-- Assignment --
Under this line are the records; repeat exactly the lines starting at the one containing "Vintage Shakespeare Fake" and ending at the one containing "Kraftstoff Gas Tank", omitting pictures.

-- Records for this exercise --

::::::

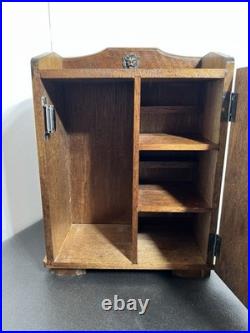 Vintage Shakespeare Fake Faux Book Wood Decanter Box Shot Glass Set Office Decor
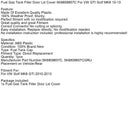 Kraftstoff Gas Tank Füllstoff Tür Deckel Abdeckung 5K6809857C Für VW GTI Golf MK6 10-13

::::::

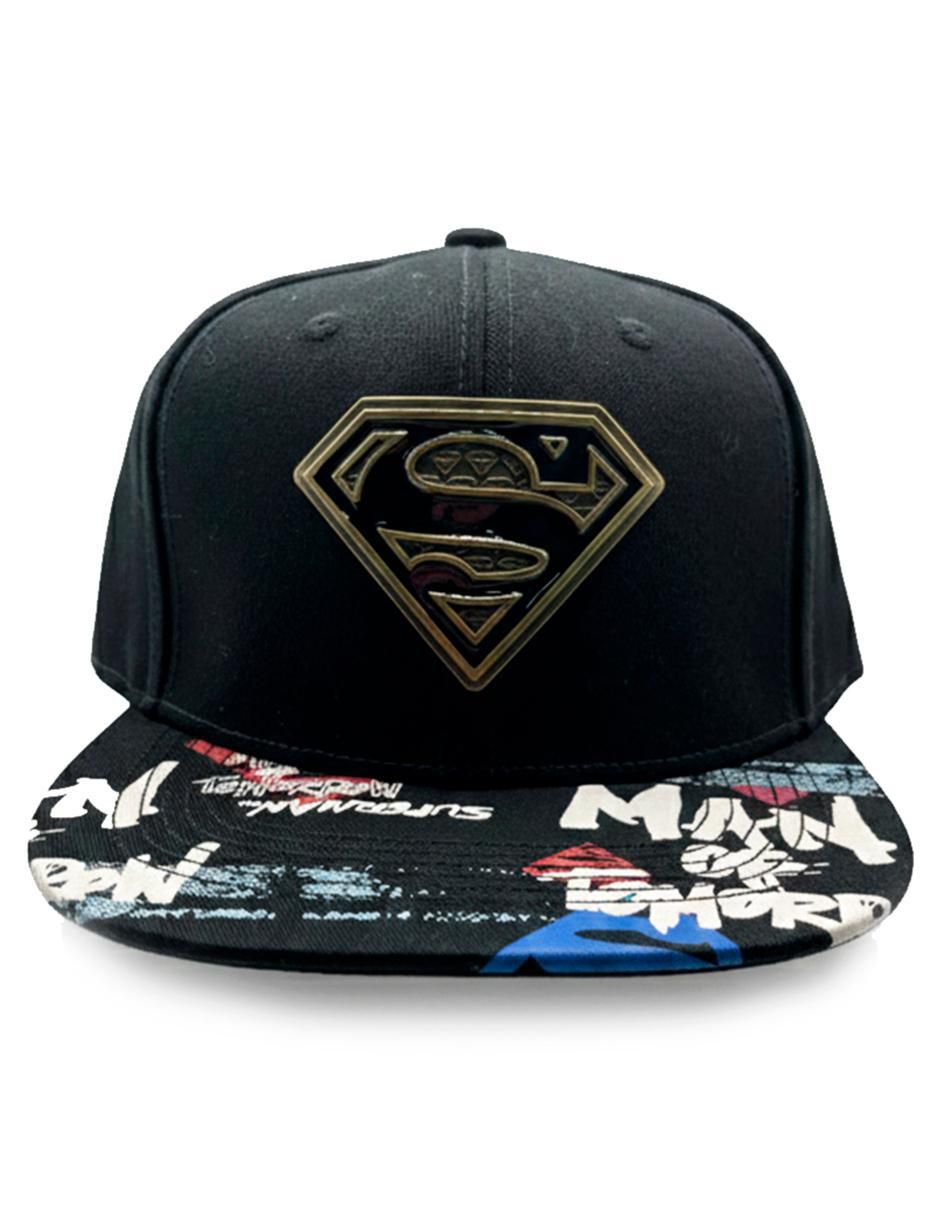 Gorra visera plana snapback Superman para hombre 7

::::::

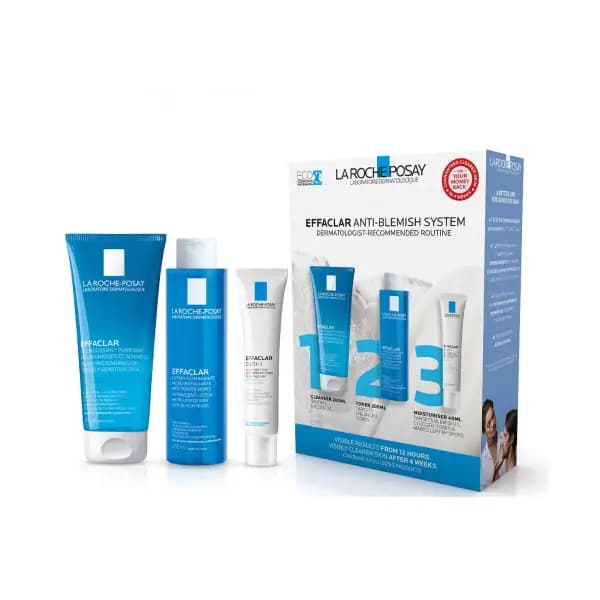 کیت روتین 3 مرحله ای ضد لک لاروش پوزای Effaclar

::::::

-- Result for this exercise --
 Vintage Shakespeare Fake Faux Book Wood Decanter Box Shot Glass Set Office Decor
 Kraftstoff Gas Tank Füllstoff Tür Deckel Abdeckung 5K6809857C Für VW GTI Golf MK6 10-13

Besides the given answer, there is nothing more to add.